Futebol

Vasco curte liderança e amadurecimento de um trabalho

Quando o Vasco caiu para a Segunda Divisão, o sofrimento da mãe despertou na menina Larissa Gonçalves um sentimento diferente. Moradora de Jacarepaguá, ontem ela seguiu da escola, em Vila Isabel, para São Januário. Num fim de semana em que a chegada do time à liderança do Brasileiro coincidiu com a alta do técnico Ricardo Gomes, Larissa descobriu o amor incondicional pelo clube, que, nas últimas três semanas, viu uma convergência de fatores contribuir para um novo, e tocante, capítulo de sua história.

— Eu venho aqui de coração muito aberto — disse Larissa, de apenas 15 anos. — Me apeguei ao Vasco. Tenho fé de que o time será campeão.

Juninho de volta

Não há como dissociar o momento do drama vivido pelo comandante.
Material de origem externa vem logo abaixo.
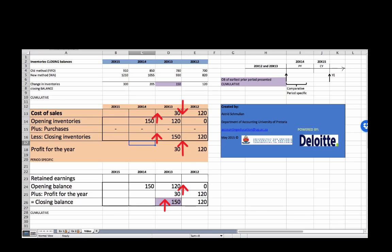If cost of sales decreases, profit for the year increases, and because profit for the year increases, the retained earnings balance will increase. The closing balance of retained earnings at the end of 20x13 is a cumulative amount. It takes into account the 120 movement in the opening balance plus the 30 movement for the year, giving us an increase in the closing balance of retained earnings of 150, which agrees to the increase in closing inventories at the end of the 20x13 year.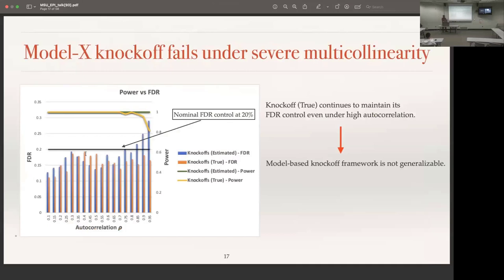In an empirical simulation with increasing auto-correlation among features, the knockoff plus method loses false discovery rate control under severe multicollinearity. While it controls FDR under 20% for lower correlations, the blue line shows it loses control for highly correlated features — similar to the DMRI matrix setting.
Desde a internação de Ricardo Gomes, o Vasco se uniu em torno de sua recuperação, catalisadora de uma nova ordem, pragmática, funcional e vitoriosa. Entre a decisão da diretoria de efetivar Cristóvão Borges — a primeira e talvez mais importante diante da gravidade da situação — e a goleada sobre o Grêmio, o clube, de origens populares, teve nova chance de exibir sua nobreza quase um século depois da primazia em ter negros em seus quadros. Como por diversas vezes disse o presidente Roberto Dinamite nos últimos 21 dias, o Vasco vive um momento único, do qual os jogadores tiraram forças para triunfar.

— A ida do Ricardo para a casa foi mais importante do que a vitória, para nós é como um título — afirmou o lateral Fágner. — Ainda terei a oportunidade de dizer um muito obrigado a ele pelo que fez.
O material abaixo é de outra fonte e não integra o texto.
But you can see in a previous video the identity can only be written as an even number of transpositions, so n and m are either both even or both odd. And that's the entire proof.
Éder Luís lembrou que, se o time é líder, com um padrão de jogo consolidado, baseado num sistema de marcação eficiente que dá solidez ao sistema ofensivo, é graças ao trabalho de Ricardo e de Cristóvão, que conquistaram respeito e admiração do grupo pela capacidade e educação.

— São personalidades muito parecidas, a mesma educação e maneira de trabalhar — admitiu Éder. — Se o time está brigando para ser campeão, não é por nós, é pelo Ricardo.

Ele vai ficar feliz por isso. No desafio diário que é fazer futebol de alto nível, o bom ambiente no vestiário é condição indispensável ao sucesso, principalmente quando o imponderável, como o trauma de Ricardo, causa tamanha comoção. Para o gerente executivo, Rodrigo Caetano, a liderança é a conquista da simplicidade:

— Aquela faixa do Ricardo que o time carrega em todos os jogos é a prova de um compromisso coletivo. No futebol, tem que ter rotina, e apesar do problema, nós conseguimos.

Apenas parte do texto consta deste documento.